■ **Source data**
■ ■ ■ ■ ■

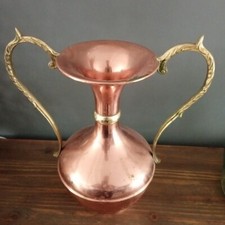 Vase avec anse en cuivre Villedieu  L. Lecellier 26cm de haut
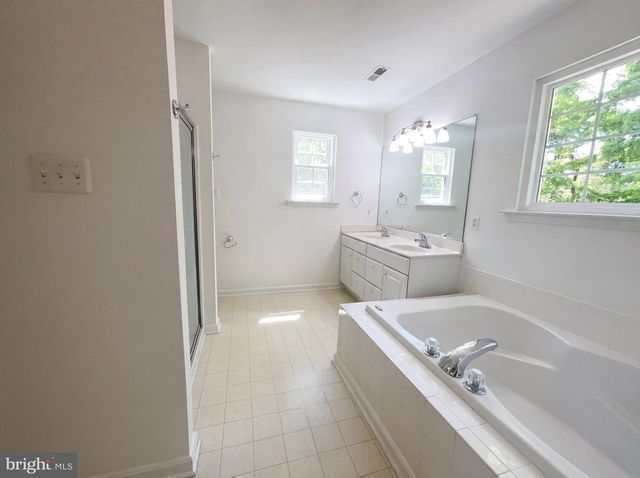 2322 ASHFORD LN, Waldorf, MD 20603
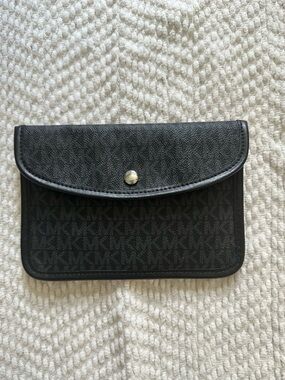 Michael Kors Black Logo Snap Pouch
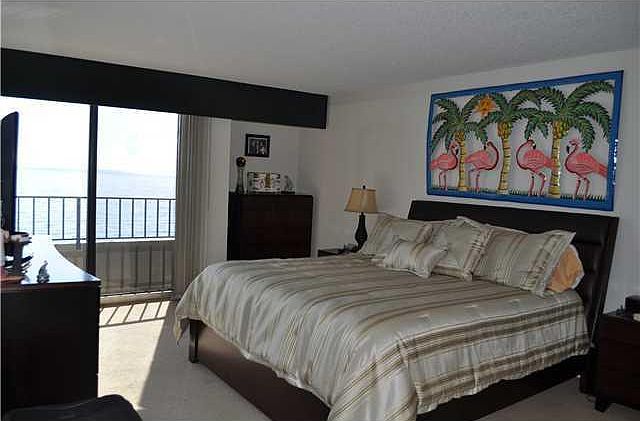 MASTER BEDROOM ON OCEAN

■ ■ ■ ■ ■

■ **What the task asks**
Copy out every line of the material above exactly, skipping the pictures.

■ **Result below**
 Vase avec anse en cuivre Villedieu  L. Lecellier 26cm de haut
 2322 ASHFORD LN, Waldorf, MD 20603
 Michael Kors Black Logo Snap Pouch
 MASTER BEDROOM ON OCEAN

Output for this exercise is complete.